Her laugh surprises me—bright and genuine. "No. It's strange, but not painful."
She covers my hand with hers, pressing it more firmly against her abdomen. The gesture feels startlingly intimate, more so than the physical release we've shared. This is Trinity letting me in, if only for a moment.
"Thank you," I say, unable to articulate everything I'm feeling.
Her eyes flick up to mine, wary again. "For what?"
"For sharing this with me." I gesture to her stomach. "You didn't have to."
Something flickers across her face—uncertainty, perhaps. "I suppose I didn't."
She steps back then, putting distance between us, and I let her go. There's still so much unsaid between us, so many boundaries drawn in invisible ink. I want to erase them all, but I know Trinity needs them. And if this already fragile thing between us is to survive, I need to respect that.
Even if it's killing me.
"You're hovering again,"Trinity points out one evening in her sixth month. She's curled in a chair by the fire, a book abandoned in her lap, her stomach now a pronounced dome beneath her dress.
"I'm not hovering. I'm strategically positioned," I counter, though I know she's right. I've barely left her side all day.
"You had Jackie bring me three blankets."
"You shivered."
"Because a cloud passed overhead and the room was momentarily cooler. I didn't need three blankets."
I drop into the chair opposite hers, running a hand through my hair. "Fine. I'm hovering."
Trinity's expression softens slightly. "Vael, I'm pregnant, not made of glass. Women have been doing this since the beginning of time."
"Not with my children," I mutter, and immediately regret the possessiveness in my tone.
But instead of bristling, Trinity just shakes her head, a small smile playing at her lips. "No, I suppose not."
We sit in companionable silence for a while, the fire crackling between us. I watch her face in the flickering light, the way the flames cast gold across her features. She's beautiful in a way that makes my chest ache.

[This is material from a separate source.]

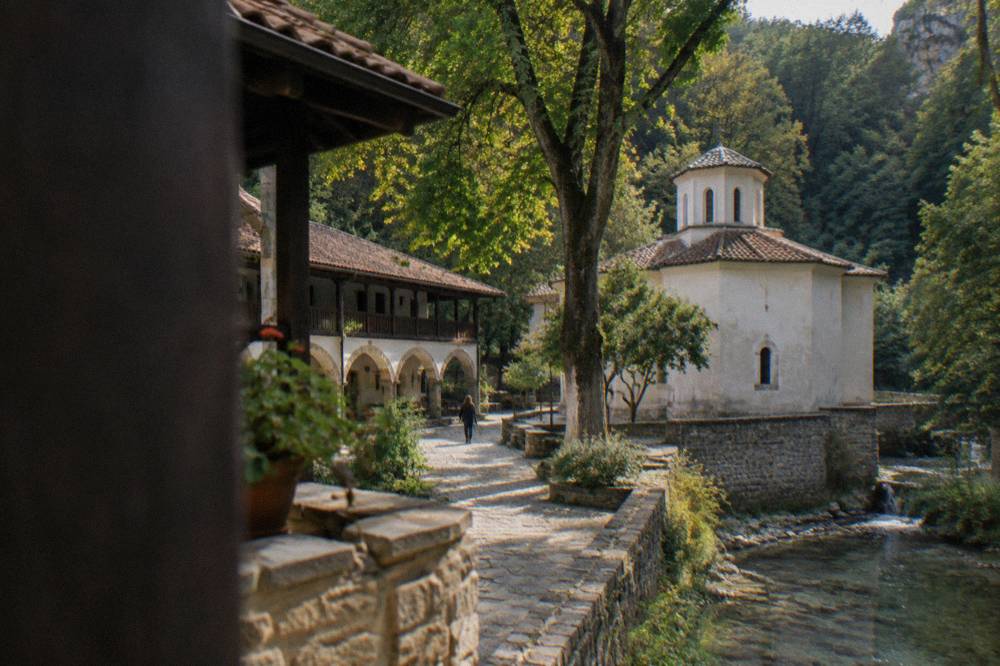 A stone monastery courtyard with arched walkways and trees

"What will you do?" I ask suddenly. "After."
Trinity's hands still where they've been absently stroking her belly. "After?"
"When you're free. Where will you go?"
The question has haunted me for months now, growing more insistent as her body swells with our children. Soon she'll give birth, recover, and then—according to our deal—she'll be free to leave.
The thought makes me want to burn something down.
Trinity stares into the fire, avoiding my gaze. "I haven't really thought about it."
It's a lie. I can tell by the way she worries her bottom lip between her teeth. She's thought about it plenty.
"You're a terrible fucking liar," I call her on it, gentle but firm. "You're the most forward-thinking woman I've ever met. You've got plans."
She meets my eyes then, a challenge in her gaze. "Why do you care where I go?"
It's a fair question. According to our arrangement, I shouldn't care. Once she's given me my heirs and recovered, her life is her own again. That was the deal.
"I care," I admit, unable to say more. Unable to tell her that the thought of her walking out of my life makes me feel like someone's ripped a hole in my chest.